Dr. Charles Drew, known as the Father of Blood Banks, was an African-American surgeon who developed innovative methods to store blood plasma for transfusions and established the first grand-scale blood bank in the United States.
Charles Drew was born in Washington D.C. on June 3, 1904. He was the oldest son in a family of five children. As a youth he was very athletic: in elementary school, he medaled in swimming, while in middle and high school, he played a variety of other sports. In 1922, Drew graduated from Dunbar High School, and later became a student at Amherst College on a sports scholarship, where he starred in football and track.
In 1926, Drew received his bachelor’s degree from Amherst College, after which he became a coach and a biology instructor at Morgan State University. Two years later, Drew was accepted into McGill University in Canada. There, he earned membership into the Alpha Omega Alpha medical honor society and also won a neuroanatomy prize for his impressive achievements. He graduated second in his class in 1933, with both Master of Surgery and Doctor of Medicine degrees. During his residency and internship at the Montreal General Hospital and the Royal Victoria Hospital, Drew became intrigued by problems with blood transfusions while studying with Dr. John Beattie. Two years after that, Drew became an instructor at the medical school at Howard University in Washington D.C.
After receiving a Rockefeller Fellowship to study at Columbia University and to train at the Presbyterian Hospital in New York City, Drew continued researching blood with John Scudder. There, Drew created a method to preserve and process blood plasma by drying it, storing it, and then reconstituting it. In 1940, he became the first-ever African-American to earn a doctorate degree from Columbia University for his work with blood banks.
During World War II, Drew led a special effort known as “Blood for Britain,” which collected, processed, and shipped blood plasma to wounded soldiers overseas. He gathered about 14,500 pints of blood plasma for the effort from hospitals in New York. Meanwhile, in 1941, working together with the American Red Cross, Drew developed another large blood bank for the United States military.

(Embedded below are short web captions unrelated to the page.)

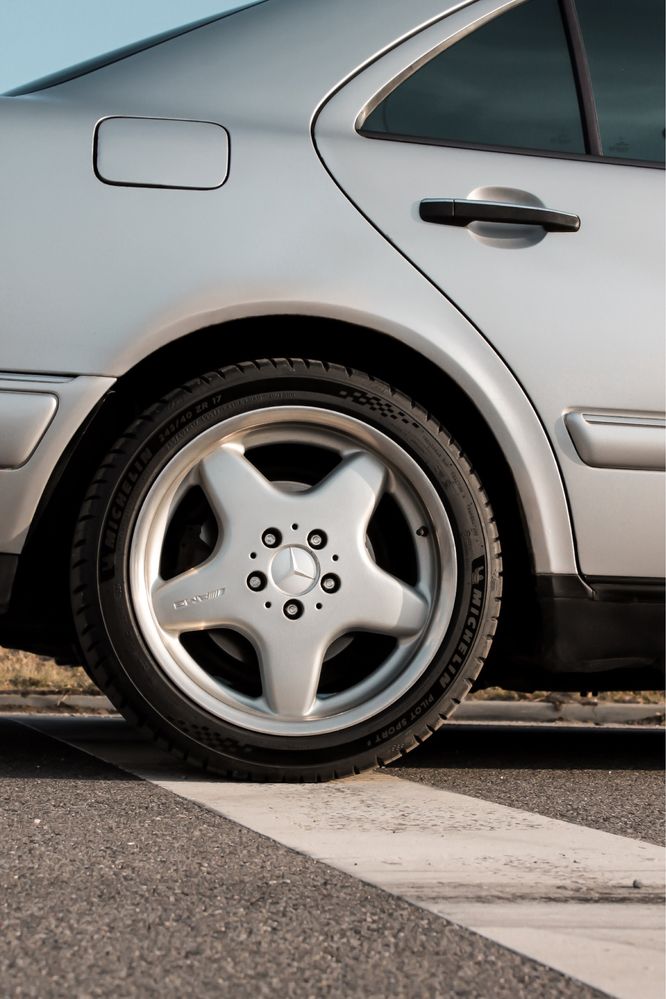 Mercedes-Benz E430 w210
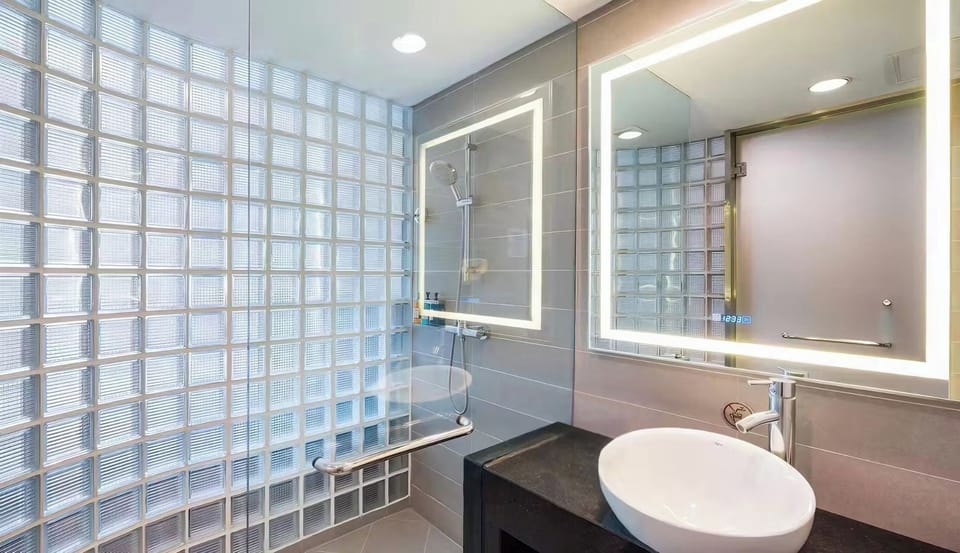 Standard Room, 1 King Bed with Sofa bed | Bathroom | Combined shower/tub, rainfall showerhead, free toiletries, hair dryer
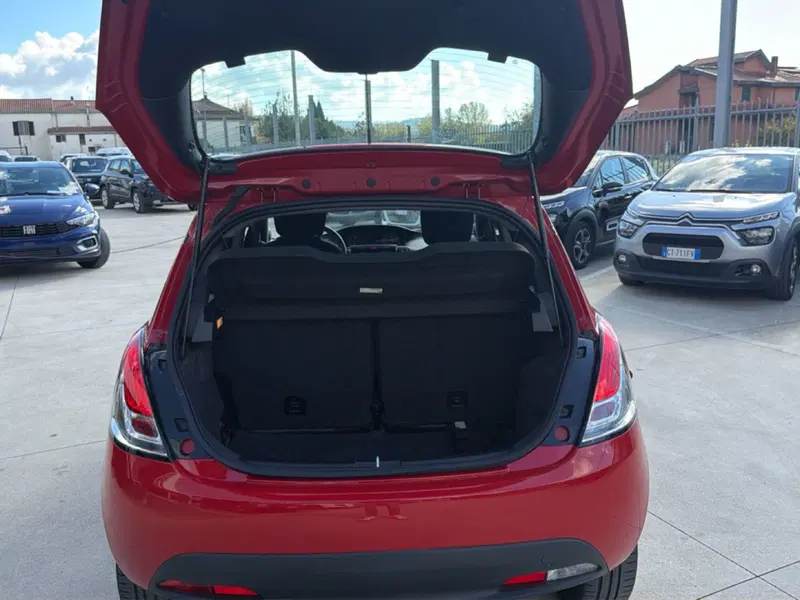 Lancia Ypsilon usata a Frosinone (14)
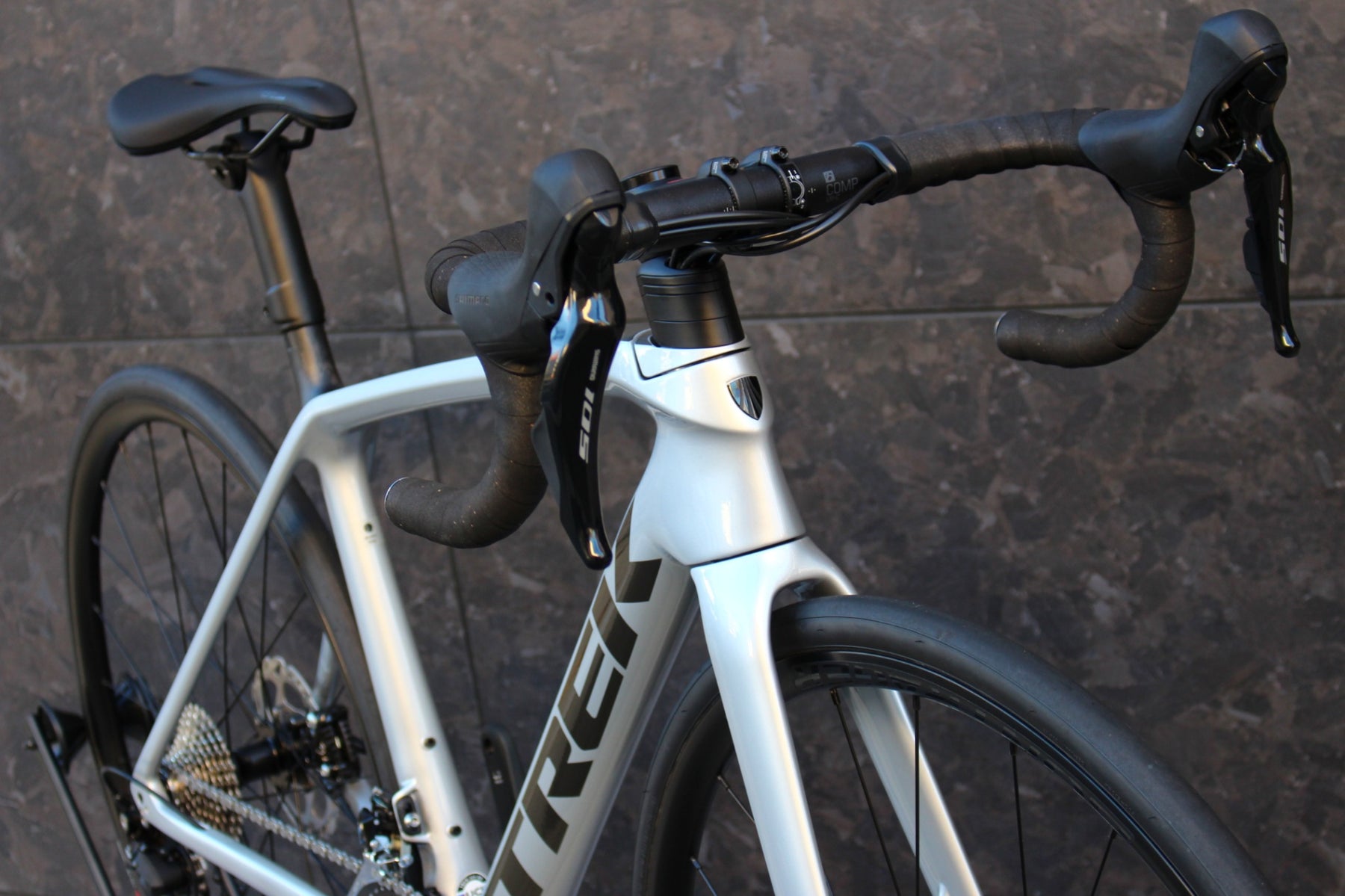 トレック TREK エモンダ EMONDA SL5 DISC 2021年モデル 52サイズ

During Drew’s work with the Red Cross, controversy entered his career. He learned that the military first intended to reject blood donated by African Americans, and then decided to segregate their blood, only permitting it to be used for African American patients. Drew reacted with integrity and resigned his post in disgust.
After his resignation, Drew served as chief surgeon at Freedmen’s Hospital, taught at Howard University, and also led Howard’s department of surgery. Drew’s untimely death occurred during a car accident when he was only 45-years-old. At his funeral, the pastor Jerry Moore said that Drew led “a life which crowds into a handful of years’ significance, so great, men will never be able to forget it.” Drew’s work continues to inspire surgeons today.